Once you’ve formed an opinion on a movie, whether you write it down or not, you’re a critic. Often, that’s easier for the movies you don’t like than the ones you do. It’s easier to know why the movie didn’t click than to pick at your subconscious and figure out why it did. I wrote 2000 words about “Uncharted” in one sitting. I could barely crack 600 words about “The Tragedy of Macbeth”, after almost three weeks. It is much harder, but also more rewarding, to write about a movie you like.

It’s harder because I want to show deference to the film, to admire the filmmakers’ craft and passion. It also means respecting the reader. That means no spoilers whenever possible, not getting lost in the weeds of the film’s context and history. And for me, it also means attempting, whether successful or not, to recreate my emotional experience of viewing the movie.

If I love a movie, I don’t want my review to just disseminate information about the film’s technical features. It is meant to be an addendum, an annexe, an addition to the film. It provides another angle on the film for the reader, to create a fuller experience.

But really, I’m writing reviews for me. Because after years of reviewing, my brain doesn’t know how to just enjoy a movie. I must pay tribute, too.

I don’t write the first sentence in my head anymore.
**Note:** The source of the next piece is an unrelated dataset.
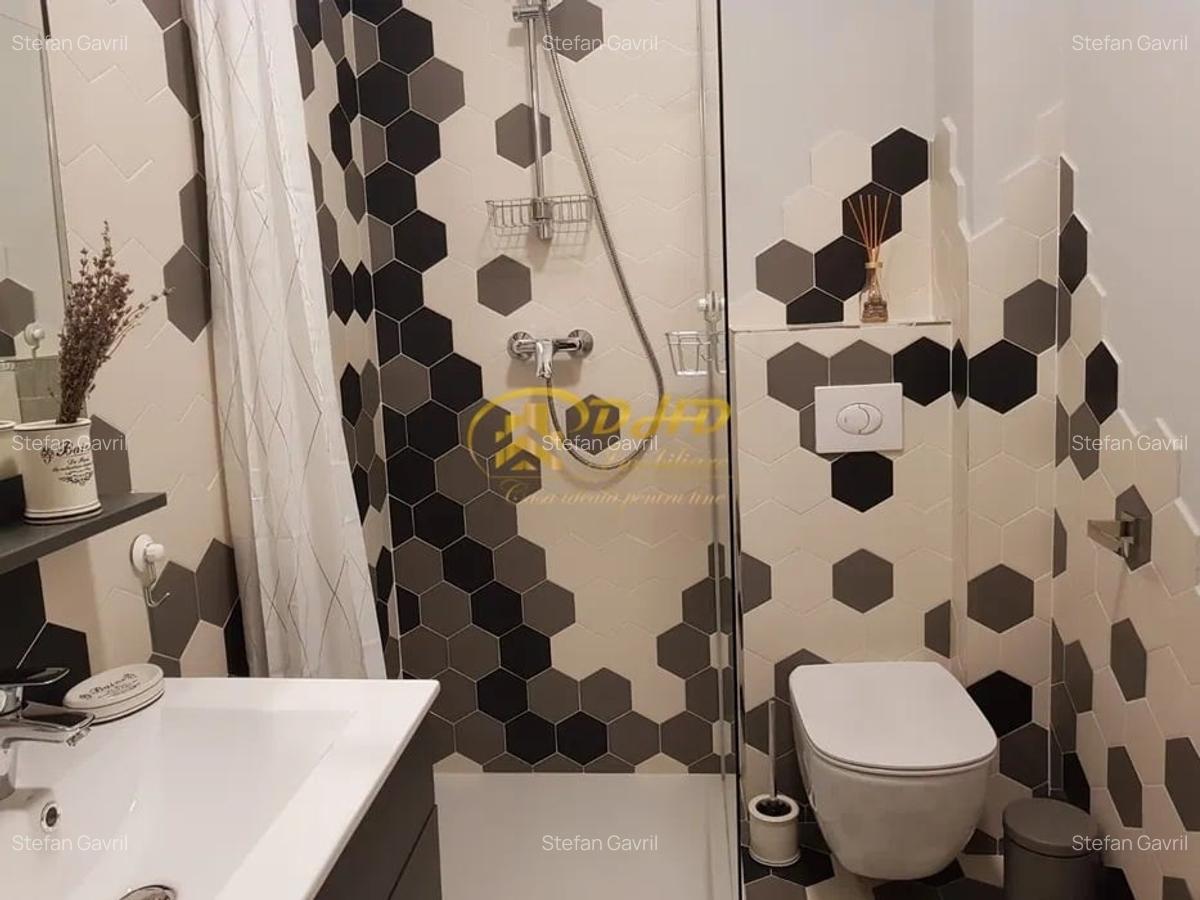 Ap. 2 camere lângă Palace. Loc de parcare disponibil la contracost - 7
But for days after, the review will form itself into my head until I finally write it down.

In Anton Ego’s closing speech, he also says this: “But the bitter truth we critics must face, is that in the grand scheme of things, the average piece of junk is probably more meaningful than our criticism designating it so.”

The average piece of junk.

All I want to do with my reviews is to make them my own average pieces of junk. I hope you like reading them, though I certainly hope you don’t always agree. Because you’re not me and I’m not you. But what we both are, are critics.